2012年8月に成立した社会保障と税の一体改革関連法案では、消費税の増税にばかり注目が集まっていますが、この案の中には相続税の改正も盛り込まれています。この改正の注目点は、右の図1、図2の内容で、これにより相続税の課税対象者は、現在の4%から6%に増加すると政府は想定しています。2%というと200万人以上の人に新たに相続税がかかることになります。多数の土地を所有している資産家だけではなく、持家のみでも相続税がかかることが想定されます。

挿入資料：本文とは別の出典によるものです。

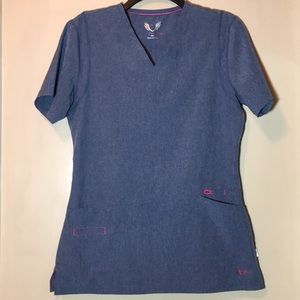 Smitten scrub top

それでは死後の家族間のトラブルを回避するためには、今のうちに何をすべきでしょうか。まず第一に法的に有効な遺言書は必ず残しておくべきでしょう。
孫のためにおじいさんが貯めた貯金は孫の物?
答えは「NO」。孫の名前で祖父がこっそり貯めた預金は「名義預金」または「借名預金」であり、本当の預金者である祖父のものと見なされます。したがって、祖父が亡くなれば、遺産分割の対象となります。祖父がかわいい孫のために残すつもりでいたお金も、故人の遺産としてカウントされてしまいます。
会社の株式や事業用資産を親族に分けていい?
答えは「△」。いわゆる“お家騒動”になりかねないので、できれば避けたいことです。会社経営の安定化のためには、1人の後継者に集中させた方が、経営に対する決断の支障にならないのでベター。特に会社に関係のない他の相続人に分散させると、売買などが行われてとんでもない事態を招く可能性もあります。
生前に父親がビデオテープに残した遺言は有効?
答えは「NO」。たとえ本人が語っているものでも、正式な方式(自筆証書遺言、公正証書遺言、秘密証書遺言)でなければ、遺言とは認められません。また、自筆証書遺言は、遺言の全文、氏名及び日付を自書し、押印するなど、法定の要件を満たさない場合、無効になることがあります。
専門家に頼んだ遺産分割が不満なら分け直せる?
答えは「NO」。公平に分けてもらったものであれば、不満は通用しません。どうしてもわがままを主張する人がいる場合は、家庭裁判所での調停が必要です。
愛人とその子に遺産相続の権利はある?
答えは「△」。愛人には相続権はありません。但し、その子の場合は認知されていれば相続権はあります。また、愛人であっても、方式に則った遺言書に財産を相続させる旨の記載があれば、相続の権利があります。